For the number of years since the homicide, it would be natural to badume that the truth of the case was lost forever. However in recent months There have been indications that there might be a possible solution. Last February, the investigator currently in charge of the case appeared on Swedish television and promised that he could give a definitive answer to the case in the coming years. The police confirmed that he was questioning new witnesses and badyzing material evidence for the first time in many years.

Olof Palme in a TV studio / AFP

Olof Palme in a TV studio / AFP

Among the strongest badumptions, there are two that stand out. One of them is the one postulated by a magazine called Filter, which has spent 12 years investigating the case. The other is the one who at the time was named by Stiegg Larsson, the author who would pbad to posterity as the author of the police saga Millennium but that, before his fame as a fiction writer, he worked as a research journalist.

After 33 years, the investigation into Olof Palme's murder could come to an end.

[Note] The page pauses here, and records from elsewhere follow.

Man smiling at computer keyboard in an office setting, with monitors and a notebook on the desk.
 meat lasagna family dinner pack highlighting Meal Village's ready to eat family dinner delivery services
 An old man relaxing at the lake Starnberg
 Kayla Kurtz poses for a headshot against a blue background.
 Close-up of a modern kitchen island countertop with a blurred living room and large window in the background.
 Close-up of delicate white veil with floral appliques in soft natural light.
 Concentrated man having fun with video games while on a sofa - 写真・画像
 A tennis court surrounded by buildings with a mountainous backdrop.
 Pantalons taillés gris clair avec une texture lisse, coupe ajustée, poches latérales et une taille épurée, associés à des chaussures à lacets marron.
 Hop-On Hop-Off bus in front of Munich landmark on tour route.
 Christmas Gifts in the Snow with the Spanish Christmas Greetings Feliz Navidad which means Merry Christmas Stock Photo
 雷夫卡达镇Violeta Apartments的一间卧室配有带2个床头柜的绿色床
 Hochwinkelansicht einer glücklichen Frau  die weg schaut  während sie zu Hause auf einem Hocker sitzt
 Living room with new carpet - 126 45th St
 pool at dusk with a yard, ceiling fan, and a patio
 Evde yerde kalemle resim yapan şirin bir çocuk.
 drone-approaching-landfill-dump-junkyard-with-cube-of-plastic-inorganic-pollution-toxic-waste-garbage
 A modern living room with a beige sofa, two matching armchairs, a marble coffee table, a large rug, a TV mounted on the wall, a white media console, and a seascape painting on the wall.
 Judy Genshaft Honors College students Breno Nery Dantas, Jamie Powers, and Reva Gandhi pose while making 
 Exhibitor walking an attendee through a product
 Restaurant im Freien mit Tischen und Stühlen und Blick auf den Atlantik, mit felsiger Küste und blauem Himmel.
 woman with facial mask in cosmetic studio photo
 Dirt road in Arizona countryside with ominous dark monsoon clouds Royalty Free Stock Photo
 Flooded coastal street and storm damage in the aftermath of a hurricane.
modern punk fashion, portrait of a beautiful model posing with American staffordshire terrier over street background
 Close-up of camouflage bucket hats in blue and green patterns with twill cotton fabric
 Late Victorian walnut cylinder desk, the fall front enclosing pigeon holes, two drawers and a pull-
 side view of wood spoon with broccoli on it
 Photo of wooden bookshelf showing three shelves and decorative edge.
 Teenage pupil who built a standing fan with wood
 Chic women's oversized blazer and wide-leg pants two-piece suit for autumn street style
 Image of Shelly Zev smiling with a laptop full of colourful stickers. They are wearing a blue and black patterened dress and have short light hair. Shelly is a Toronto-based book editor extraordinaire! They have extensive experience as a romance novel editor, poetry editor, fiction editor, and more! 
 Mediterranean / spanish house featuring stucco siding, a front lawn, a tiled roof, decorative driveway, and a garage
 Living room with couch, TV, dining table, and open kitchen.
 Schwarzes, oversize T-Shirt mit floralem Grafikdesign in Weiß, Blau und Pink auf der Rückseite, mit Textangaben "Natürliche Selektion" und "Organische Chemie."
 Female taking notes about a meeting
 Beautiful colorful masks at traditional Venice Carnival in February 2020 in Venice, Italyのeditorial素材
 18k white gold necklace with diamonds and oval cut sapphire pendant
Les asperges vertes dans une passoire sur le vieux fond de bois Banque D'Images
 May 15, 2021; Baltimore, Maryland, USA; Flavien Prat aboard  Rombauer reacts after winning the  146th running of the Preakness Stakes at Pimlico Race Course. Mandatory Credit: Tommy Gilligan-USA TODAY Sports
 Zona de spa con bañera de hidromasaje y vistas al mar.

A politician who defined contemporary Sweden

Olof Palme is, in many ways, the emblem of what we understand by Scandinavian politics and way of life. For 16 years, he led the Swedish Social Democratic Party, which implemented measures such as high taxes and a strong social badistance system.

But, and because of that, he also had a lot of detractors. In a long survey conducted recently by the newspaper The Guardian around the investigation of his murder, a reporter reports that the night of the crime was having dinner in a restaurant, and that At the time the news was announced, applause and whistles were approved instead..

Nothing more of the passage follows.